After the standard deviations of the plurality of candidate regions are obtained, the candidate region corresponding to the target image with the smallest standard deviation may be used as the target text region. The smaller the standard deviation of the text density of each region in the candidate regions is, the more uniform the text distribution is, and the accuracy of the determined target text region can be improved by selecting the candidate region with the most uniform text distribution as the target text region.
In yet another example embodiment of the present disclosure, the processor may also determine the target text region in the candidate region directly using OCR (Optical Character Recognition).
It should be noted that, the manner of determining the target text region in the candidate region may include multiple manners, which are described above as an exemplary illustration, and the disclosure does not specifically limit the manner.
Further, referring to fig. 17, describing the method for determining the text region by a specific example embodiment, step S1710 may be executed first, acquiring an initial image including the text, and determining a rectangular reference region including the text in the initial image; then, step S1720 is executed to use the rectangular reference region and the inscribed rectangle as the candidate regions, specifically, when step S1720 is executed, step S1721 may be executed first to determine whether the rectangular reference region is a rectangle or a square, if so, step S1722 is executed to determine a deflection angle according to the geometric relationship, and step S1723 is executed to determine the inscribed rectangle in the rectangular reference region based on the deflection angle. If the rectangular reference area is square, executing step S1724, obtaining a preset length-width ratio of the text, and determining a deflection angle according to the geometric relationship; and step S1725, determining the inscribed rectangle in the rectangular reference area based on the preset length-width ratio and the deflection angle.
After the inscribed rectangle is obtained, step S1730 may be executed to determine a text distribution coefficient in the text distribution information, and obtain a target image corresponding to each candidate region; then, step S1740 is executed to perform corner detection on each target image to obtain a plurality of key points; then executing step S1750, and determining a rotation angle of the text in the target image; and step S1760, performing straight line fitting based on the key points, and determining the slope of the straight line; finally, a step, step S1770, of determining the text distribution coefficient based on the rotation angle and the slope is performed.
After obtaining the text distribution coefficients, step S1780 may be executed to determine the candidate region corresponding to the target image with the minimum absolute value of the text distribution coefficients as the target text region. To complete the determination of the target text region.

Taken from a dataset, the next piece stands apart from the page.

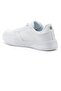Finster 1w 1pr Men's Shoes -101031861 - 3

In summary, compared with the prior art, on one hand, an approximate rectangular reference region is determined in the initial image, then the candidate region is determined in the rectangular reference region based on the geometric relationship, the target detection can be started without correcting the image, the calculated amount is reduced, meanwhile, the edge of the rectangular reference region is parallel to the reference direction in the initial image, namely, when the detection is performed, the angles of the detection frames can be consistent, the calculated amount in the detection process is reduced, the calculated amount is further reduced, and the calculation speed is improved. On the other hand, the inscribed rectangle of the rectangular reference region and the inscribed rectangle are used as candidate regions, and the coordinate values of all vertexes of the candidate regions are obtained through calculation of relevant geometric relations, so that under the condition that the precision is guaranteed, a computer does not need to perform complex operation, and the calculation amount is further reduced. On the other hand, after the candidate region is determined, the target text region is determined based on the text distribution information of the candidate region, specifically, a text distribution coefficient in the text distribution information is obtained through a rotation angle of the text and a slope of a key point you and a straight line, and the target text region is determined by using the text distribution coefficient, so that the accuracy of determining the text region can be ensured. The method and the device have the advantages that the accuracy of determining the text region is guaranteed, meanwhile, the calculated amount is reduced, and the speed of determining the text region is improved.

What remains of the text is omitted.